The subjects for this analysis were part of a larger study, the Child and Adolescent Trial for Cardiovascular Health (CATCH). The original CATCH cohort (n=5106 third-graders) was recruited at baseline (1991-1992) from 96 public elementary schools located in the 4 states of California, Louisiana, Minnesota, and Texas.³² CATCH was a multicenter field trial that evaluated the effectiveness of an elementary school–based cardiovascular health promotion program in 56 intervention schools and 40 control schools from grades 3 to 5 (1991-1994). The design and results of the trial are described in detail elsewhere.³³

Physiologic, behavioral, and psychosocial measurements were conducted on the original CATCH cohort students postintervention during grades 6 to 8 (1994-1997). At the eighth-grade (1997) risk factor screening survey, 3714 cohort students (73%) had written parental consent to participate in all CATCH measurements. The 3524 cohort students (69%) with serum available for homocysteine analysis were included in the present study Table 1. Complete laboratory data, including serum levels of homocysteine, folic acid, vitamin B₁₂, and vitamin B₆ were available for 3321 children (65%).

View this table: [in this window] [in a new window] Table 1. Characteristics of Participants

Data Collection

All methods, training techniques, and quality control programs of CATCH are described in detail elsewhere.^{32, 34} Data were collected through classroom-administered questionnaires and risk factor examinations. The risk factor screening profile included blood pressure (BP), height, weight, and nonfasting serum levels of total cholesterol, high-density lipoprotein (HDL) cholesterol, apolipoprotein B, total homocysteine, vitamin B₆, vitamin B₁₂, and folic acid. Parents also completed a mailed questionnaire on family history of CVD and multivitamin use, with telephone follow-up of nonrespondents. Of the 3524 children with homocysteine results, 3209 children (91%) had a questionnaire completed by a parent.

Blood Pressure. Five recordings (taken 1 minute apart) of seated systolic and diastolic BP and heart rate were obtained after a 5-minute rest period using the Dinamap automatic BP device (Model 8100XT, Critikon Inc, Tampa, Fla). Cuff size selection was based on arm length and circumference measurements. The average of the last 3 readings was used for analysis.

Height and Weight. Height was measured using a portable stadiometer and weight was measured using the SECA Integra 815 portable scale (SECA, Rumilly, France). Body mass index (BMI) was calculated as weight in kilograms divided by height in meters squared.
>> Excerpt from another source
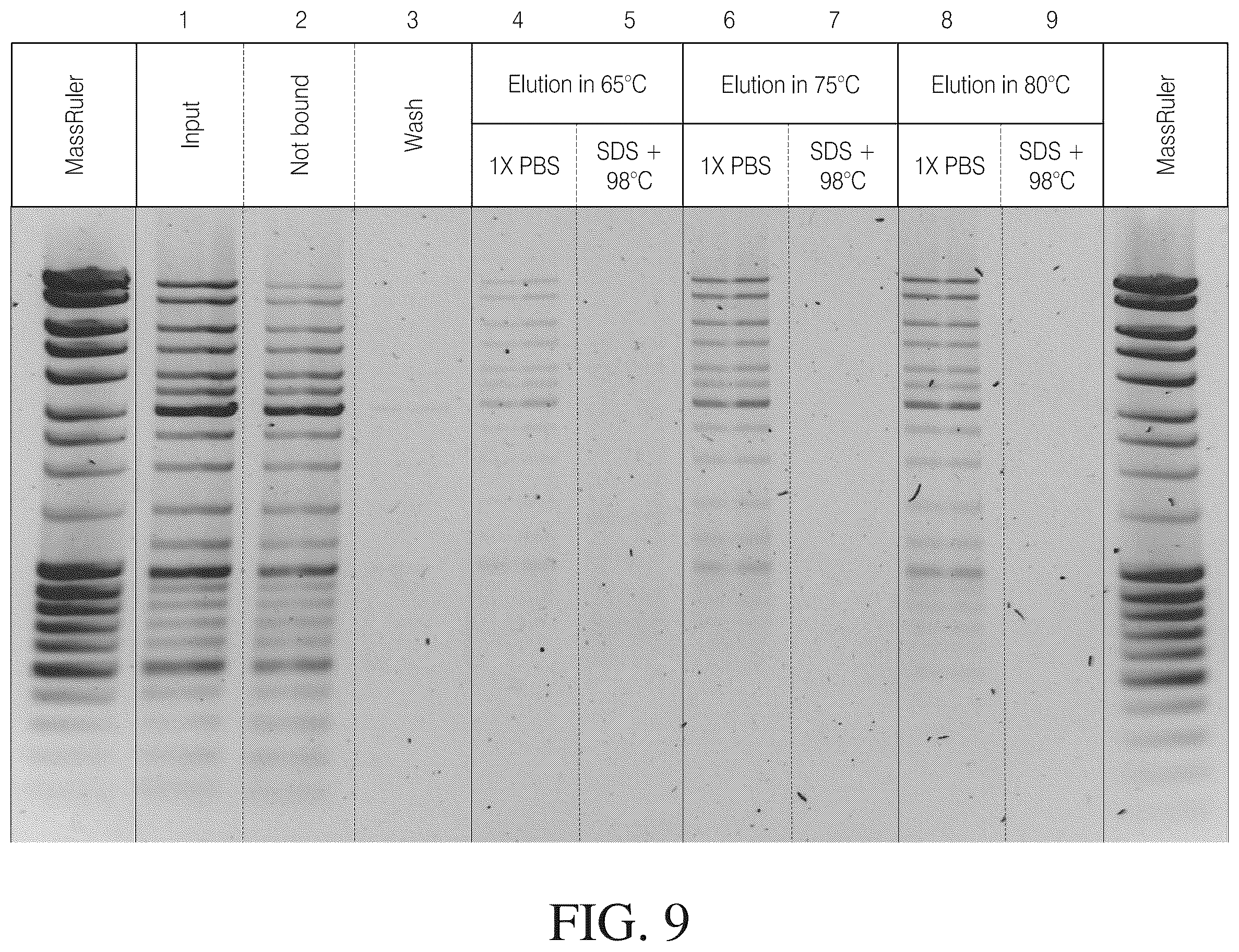 Patent US12612615 Figure 10 – Isolated nucleic acid binding domains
Smoking Behavior. Current smokers were defined as those children who reported smoking on 1 day or more in the past 30 days.

Family History of CVD. Children were classified as having a family history of CVD if the parent reported either myocardial infarction or stroke in any biological relative and as having premature CVD if an event occurred before age 60 years.

Intake of Multivitamins. Parents reported whether their child usually took a multivitamin as well as the brand name and frequency taken.

Frequency of multivitamin intake was categorized as: less than 1, 1 to 2, 3 to 4, 5 to 6, 7, or more than 7 tablets per week. Children were classified as multivitamin users if they took 1 or more multivitamins in a week. The majority of users took multivitamin preparations containing 0.4 mg of folic acid, 2 mg of vitamin B₆, and 6 µg of vitamin B₁₂ (87%, 75%, and 73%, respectively).

Blood Sample Collection and Biochemical Analyses

Nonfasting blood samples were obtained via venipuncture with the child seated. Whole blood was collected into serum separator Vacutainer tubes (Becton Dickinson, Franklin, NJ) and allowed to clot in a covered container for 20 minutes at room temperature. Clotted blood samples were then placed on ice and centrifuged approximately 2 to 4 hours after blood collection. Based on a pilot study of our blood handling procedure, we found a 5% increase in average serum homocysteine concentration after blood was allowed to clot at room temperature for 20 minutes when compared with immediate sample chilling. Serum was stored in Nalgene cryule vials (Nalgene Co, Rochester, NY) and shipped by overnight carrier on refrigerant packs to the central laboratory for immediate analysis of total and HDL cholesterol and apolipoprotein B. Serum was frozen at -70°C and covered from light until analyzed for homocysteine, folic acid, vitamin B₆, and vitamin B₁₂, which was approximately 5 to 10 months after blood collection.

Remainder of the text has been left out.